▽
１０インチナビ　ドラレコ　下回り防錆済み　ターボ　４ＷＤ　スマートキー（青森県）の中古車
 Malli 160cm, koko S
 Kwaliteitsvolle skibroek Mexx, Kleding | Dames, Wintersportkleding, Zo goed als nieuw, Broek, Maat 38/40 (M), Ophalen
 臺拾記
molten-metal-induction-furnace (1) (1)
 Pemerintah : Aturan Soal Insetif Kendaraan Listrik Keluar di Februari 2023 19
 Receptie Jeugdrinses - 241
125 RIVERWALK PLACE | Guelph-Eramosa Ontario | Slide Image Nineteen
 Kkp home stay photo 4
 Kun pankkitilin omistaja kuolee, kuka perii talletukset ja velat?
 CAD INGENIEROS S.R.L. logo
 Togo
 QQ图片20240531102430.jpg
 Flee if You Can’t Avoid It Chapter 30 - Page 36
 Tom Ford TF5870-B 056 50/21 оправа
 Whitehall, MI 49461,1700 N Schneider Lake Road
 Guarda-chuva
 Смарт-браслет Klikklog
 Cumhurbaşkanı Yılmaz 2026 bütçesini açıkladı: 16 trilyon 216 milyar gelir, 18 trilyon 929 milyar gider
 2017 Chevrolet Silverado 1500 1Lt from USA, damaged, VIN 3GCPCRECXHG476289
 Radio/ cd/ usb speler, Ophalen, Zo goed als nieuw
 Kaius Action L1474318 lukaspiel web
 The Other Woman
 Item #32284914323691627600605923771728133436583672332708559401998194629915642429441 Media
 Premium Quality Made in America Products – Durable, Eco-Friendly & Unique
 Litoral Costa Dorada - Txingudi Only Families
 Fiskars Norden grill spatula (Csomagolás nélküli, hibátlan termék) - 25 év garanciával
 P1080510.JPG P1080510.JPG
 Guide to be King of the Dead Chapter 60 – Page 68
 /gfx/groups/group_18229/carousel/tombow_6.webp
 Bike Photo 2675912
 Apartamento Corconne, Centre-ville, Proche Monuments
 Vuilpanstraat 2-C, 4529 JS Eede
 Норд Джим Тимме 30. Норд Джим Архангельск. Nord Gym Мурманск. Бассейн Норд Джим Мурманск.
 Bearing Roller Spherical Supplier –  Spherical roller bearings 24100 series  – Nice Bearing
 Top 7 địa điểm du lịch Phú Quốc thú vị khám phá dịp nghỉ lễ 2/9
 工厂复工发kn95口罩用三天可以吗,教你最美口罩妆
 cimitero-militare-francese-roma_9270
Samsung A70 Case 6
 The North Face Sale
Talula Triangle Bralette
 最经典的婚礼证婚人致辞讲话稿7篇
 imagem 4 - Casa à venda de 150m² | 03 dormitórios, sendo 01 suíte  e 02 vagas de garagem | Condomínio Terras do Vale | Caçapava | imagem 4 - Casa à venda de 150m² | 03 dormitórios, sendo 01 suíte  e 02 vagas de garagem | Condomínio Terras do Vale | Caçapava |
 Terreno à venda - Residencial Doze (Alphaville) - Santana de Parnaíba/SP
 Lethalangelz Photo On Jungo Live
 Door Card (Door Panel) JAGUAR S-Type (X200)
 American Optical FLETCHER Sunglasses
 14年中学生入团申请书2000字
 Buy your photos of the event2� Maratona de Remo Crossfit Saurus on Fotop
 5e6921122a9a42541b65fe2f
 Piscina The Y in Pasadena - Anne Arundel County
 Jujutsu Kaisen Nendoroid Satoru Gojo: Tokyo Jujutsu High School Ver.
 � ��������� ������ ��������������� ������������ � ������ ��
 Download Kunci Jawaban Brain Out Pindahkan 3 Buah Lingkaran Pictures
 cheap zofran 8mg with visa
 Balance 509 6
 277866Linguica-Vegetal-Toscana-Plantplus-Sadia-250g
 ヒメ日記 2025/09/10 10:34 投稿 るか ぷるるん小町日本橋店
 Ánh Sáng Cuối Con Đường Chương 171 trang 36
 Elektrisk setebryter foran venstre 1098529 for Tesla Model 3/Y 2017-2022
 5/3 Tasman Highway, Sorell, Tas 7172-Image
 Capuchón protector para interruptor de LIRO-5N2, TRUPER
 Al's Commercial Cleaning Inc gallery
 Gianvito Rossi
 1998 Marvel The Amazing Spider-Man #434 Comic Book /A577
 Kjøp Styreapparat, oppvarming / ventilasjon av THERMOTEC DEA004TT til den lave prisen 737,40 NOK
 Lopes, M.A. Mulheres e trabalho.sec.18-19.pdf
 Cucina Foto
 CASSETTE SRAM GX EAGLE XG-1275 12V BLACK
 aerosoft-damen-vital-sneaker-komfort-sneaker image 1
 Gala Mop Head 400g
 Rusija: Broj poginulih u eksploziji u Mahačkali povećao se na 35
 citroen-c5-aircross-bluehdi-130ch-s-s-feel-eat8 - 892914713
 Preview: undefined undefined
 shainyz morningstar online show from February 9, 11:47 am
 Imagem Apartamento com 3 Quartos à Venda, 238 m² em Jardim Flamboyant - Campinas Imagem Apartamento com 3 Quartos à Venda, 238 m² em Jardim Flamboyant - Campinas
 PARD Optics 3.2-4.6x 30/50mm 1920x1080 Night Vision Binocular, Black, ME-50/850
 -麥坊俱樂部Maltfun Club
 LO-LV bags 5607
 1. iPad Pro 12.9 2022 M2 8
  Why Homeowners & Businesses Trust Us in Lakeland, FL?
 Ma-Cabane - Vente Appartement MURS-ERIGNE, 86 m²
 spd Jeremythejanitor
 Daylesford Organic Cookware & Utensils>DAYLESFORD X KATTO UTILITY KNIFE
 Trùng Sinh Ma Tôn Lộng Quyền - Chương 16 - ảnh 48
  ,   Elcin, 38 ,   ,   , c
△
→ Task objective
Exactly the lines above from the one with "Смарт-браслет Klikklog" to the one with "The Other Woman", both included, are to be quoted; leave the rest out.

→ Exercise output
 Смарт-браслет Klikklog
 Cumhurbaşkanı Yılmaz 2026 bütçesini açıkladı: 16 trilyon 216 milyar gelir, 18 trilyon 929 milyar gider
 2017 Chevrolet Silverado 1500 1Lt from USA, damaged, VIN 3GCPCRECXHG476289
 Radio/ cd/ usb speler, Ophalen, Zo goed als nieuw
 Kaius Action L1474318 lukaspiel web
 The Other Woman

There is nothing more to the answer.